Speaker
Description
Radio-loud active galactic nuclei (RLAGN) emit radiation across most of the electromagnetic spectrum. The lower-energy component (Radio - Soft X-rays) is typically dominated by synchrotron emission from non-thermal electrons in a relativistic jet. RLAGN are known to be highly variable on both short (intra-day) and long (months to years) timescales. Most of the variability observed in the optical and higher-energy regimes has been associated with sub-parsec to parsec scale emission regions located within the jet. In this study, we investigate the link between observations and the kinematics of the sub-parsec-scale relativistic jet using 3D relativistic magnetohydrodynamic (RMHD) simulations.
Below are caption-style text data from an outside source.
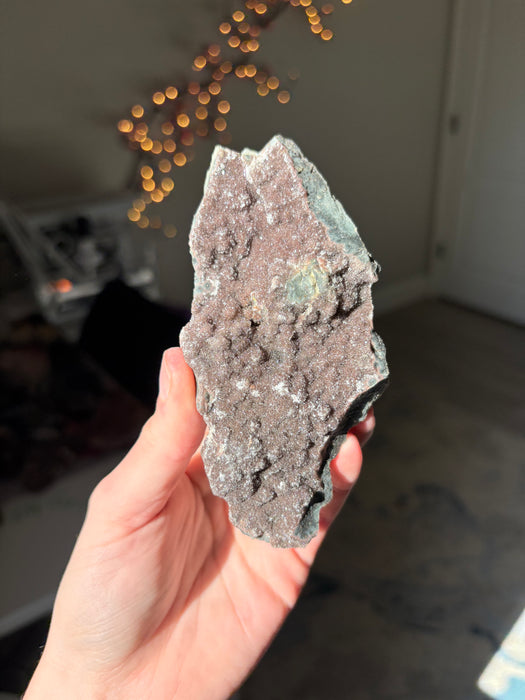 Sugary Raw deep Purple Amethyst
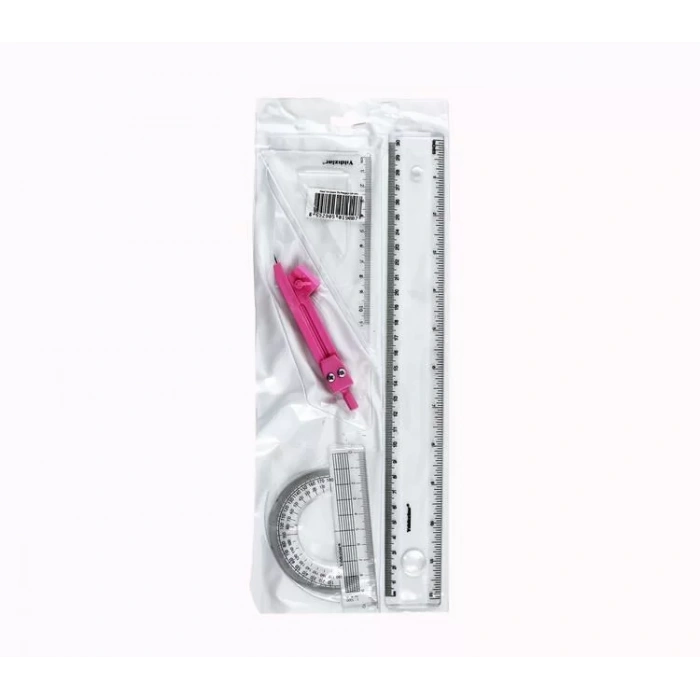 Yıldızlar Pergelli Çizim Seti 30 cm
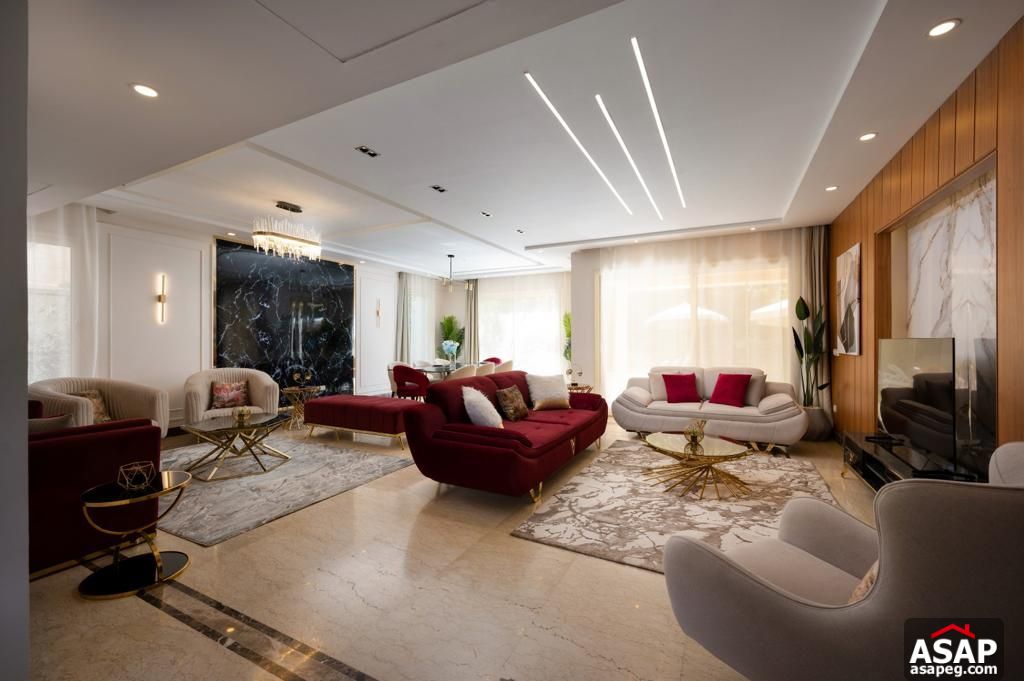 Furnished Villa for Rent in the Villa Compound Furnished Villa for Rent in the Villa Compound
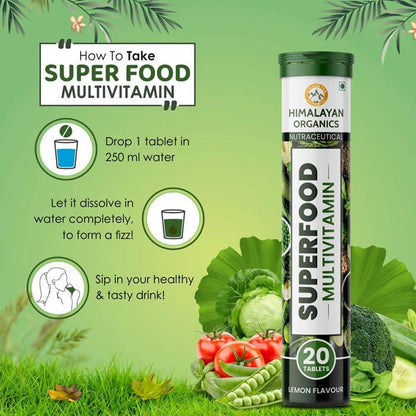 Himalayan Organics Superfood Multivitamin 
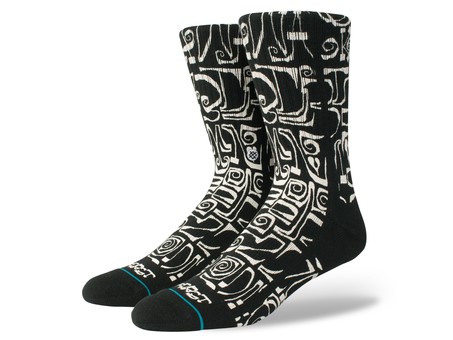 Calcetines Stance Frost Letters-M556A18FRO-BLK-img-1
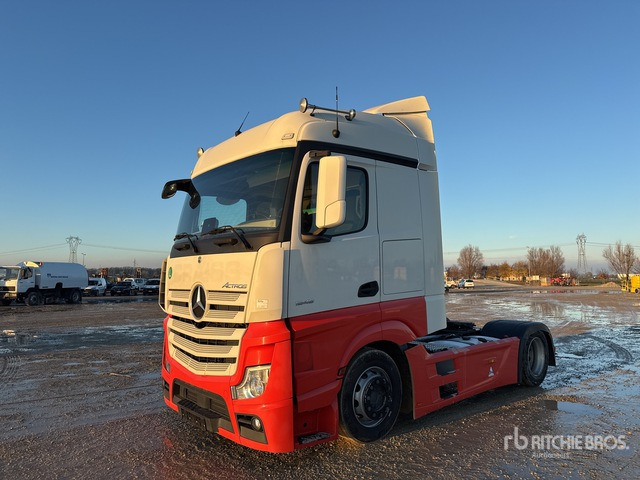 2022 Mercedes-Benz Actros 1845 4x2 S/A Sleeper Truck Tractor - Trattore stradale: foto 1 2022 Mercedes-Benz Actros 1845 4x2 S/A Sleeper Truck Tractor - Trattore stradale: foto 1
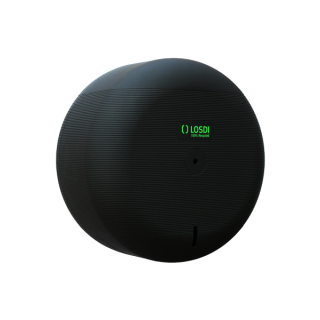 Dávkovač toaletního papíru ECO-LUXE s centrálním dávkováním, černý MAT CP-3000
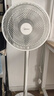 美的（Midea） 电风扇 家用风扇7叶落地扇立式轻音节能大风量电扇台扇迷你扇台立两用转页扇空气循环扇安静低音 店长推荐丨7叶劲风 百万单·SAF30AC 家用落地扇 实拍图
The simulations employ a two-component jet model, consisting of a fast spine (Γ = 10) and a slower sheath (Γ = 3). The jet model features an initial helical magnetic field with a magnitude of 50 mG in the spine and 5 mG in the sheath. In order to simulate variability in the jet, a density perturbation is introduced at the jet inlet and allowed to evolve with time. The simulations are carried out using a modified version of the PLUTO code. To model the synchrotron emission, Lagrangian tracer particles, representing the non-thermal electron spectrum, are injected into the simulation. The spectral energy distribution of these particles are evolved over time to include effects from diffusive shock acceleration and radiative cooling. This is used to calculate the I, Q, and U Stokes parameters, for arbitrary lines of sight, accounting for relativistic transformations and light travel time. The Stokes parameters are used to reproduce simulated light curves of the flux, polarization degree and polarization angle.